Provided material below:

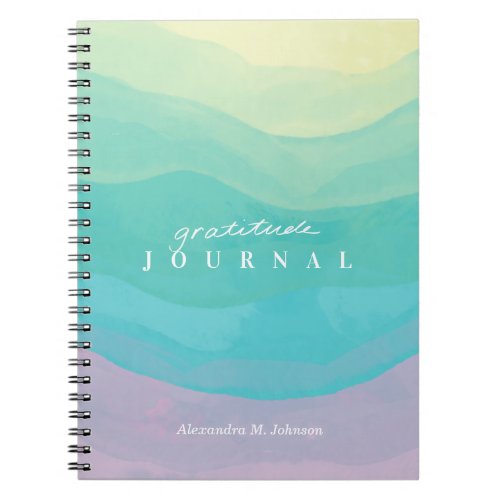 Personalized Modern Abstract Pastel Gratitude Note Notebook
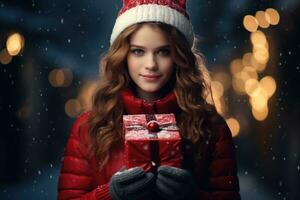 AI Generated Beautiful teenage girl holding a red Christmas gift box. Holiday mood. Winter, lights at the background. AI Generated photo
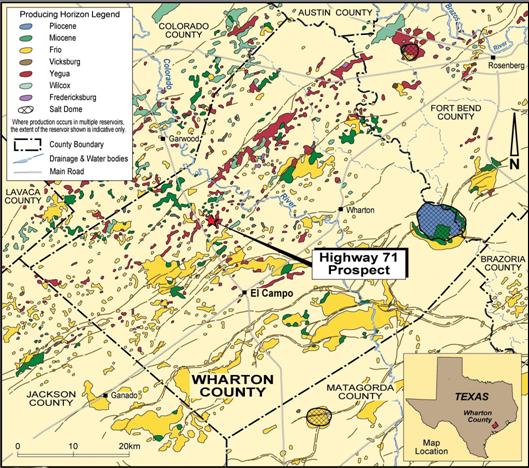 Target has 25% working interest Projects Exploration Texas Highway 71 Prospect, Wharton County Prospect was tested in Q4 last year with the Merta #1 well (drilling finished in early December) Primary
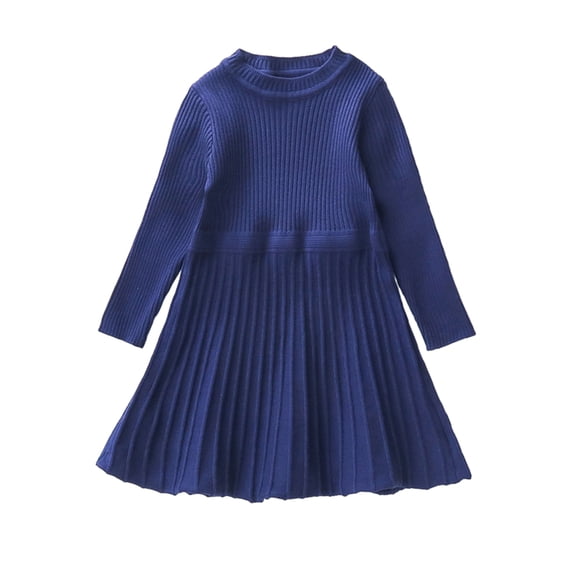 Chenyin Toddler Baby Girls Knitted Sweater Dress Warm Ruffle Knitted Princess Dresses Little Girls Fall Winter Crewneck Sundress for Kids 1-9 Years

End of Provided material.
Provided material below:

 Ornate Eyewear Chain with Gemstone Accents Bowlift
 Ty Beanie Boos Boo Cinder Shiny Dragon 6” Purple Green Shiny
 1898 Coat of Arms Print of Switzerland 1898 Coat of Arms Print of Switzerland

End of Provided material.

## Your instructions
From the records above, copy exactly the lines starting at the one with "Target has 25%" and ending at the one with "Chenyin Toddler Baby", and no others. Pictures stay out.

## Response area
 Target has 25% working interest Projects Exploration Texas Highway 71 Prospect, Wharton County Prospect was tested in Q4 last year with the Merta #1 well (drilling finished in early December) Primary
 Chenyin Toddler Baby Girls Knitted Sweater Dress Warm Ruffle Knitted Princess Dresses Little Girls Fall Winter Crewneck Sundress for Kids 1-9 Years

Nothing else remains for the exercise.